Composed Tasks on Spring Cloud Dataflow

Siddhant Sorann
MiQ Tech and Analytics
5 min readSep 22, 2020

Implementing composed tasks on SCDF to better schedule data pipelines.

Introduction

In our previous blog, we spoke about what we do at MiQ (Trading Lab) and how we are using Spring Cloud Dataflow to run our batch jobs on the cloud. We had a need for the composed task to resolve multiple issues with our pipelines, mainly around dependent batch jobs and scheduling. This will be explained more in detail in the later sections.

Why do we need composed tasks?

To ensure that the traders have up to date information available before making any decisions we ingest data from multiple DSPs (Demand-Side Platform) (Appnexus, The Trade Desk & DV360) and aggregate it. Being a programmatic media buying agency, we at MiQ work closely with DSPs to buy inventory from them. To make this possible, we run 100+ batch jobs every day.

Some of these jobs are dependent on others to complete before they start otherwise it might result in incorrect data.
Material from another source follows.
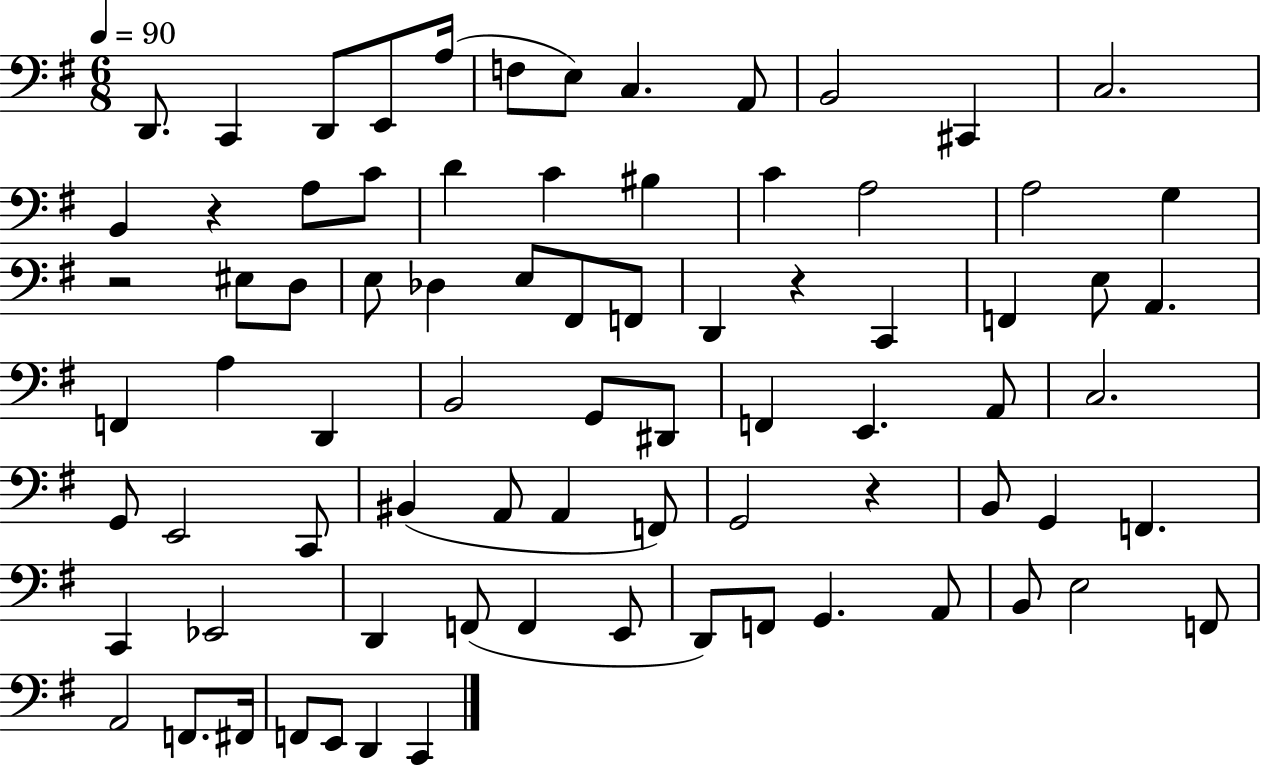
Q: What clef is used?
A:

Consider the below example -

Fig. 1: A basic representation of dependency between tasks.

In the above scenario -

  1. Task 1 and Task 2 have to run first and dump some data to our database
  2. After they have completed, Task 3 has to fetch the dumped data, aggregate it, and finally store it back in the database.

Before composed tasks, we used to schedule all our tasks in such a way that Tasks 1 & 2 will complete before Task 3 starts. i.e if we know that Tasks 1 & 2 approximately take 30 mins each to complete we could schedule Task 3 an hour after the schedule of Tasks 1 & 2.

The following were the drawbacks -

  • Sometimes the dependent tasks (1 & 2) would take more than an hour to complete, this would mean that Task 3 wouldn’t have fetched the updated data to aggregate.
  • If any of Task 1 or 2 fails, we know that Task 3 won’t give us the correct data so there is no point in running it.
  • We give a 30mins gap between Task 3 and the tasks it depends on which sometimes might not be sufficient and sometimes might result in unnecessary delay.

How did we solve this problem?

To run our Batch Jobs we use an open-source platform called Spring Cloud Dataflow (SCDF). You can refer to another one of our other blogs that talk about how we are using SCDF here.

Composed Task has been created by SCDF for exactly this purpose. You can get some more information on Composed Tasks here (official documentation).

Composed task lets the user combine multiple tasks and create a hierarchical DAG (Directed Acyclic Graph) between them. The graph is very intuitive and can handle multiple branches after a task execution based on the exit status of the task. It also allows you to run tasks in parallel and sync them to wait for them to complete before moving on. Another useful feature is that they can be created through the RESTful API, the Spring Cloud Data Flow Shell, or the Spring Cloud Data Flow UI. This makes them effortless to create, modify, and use.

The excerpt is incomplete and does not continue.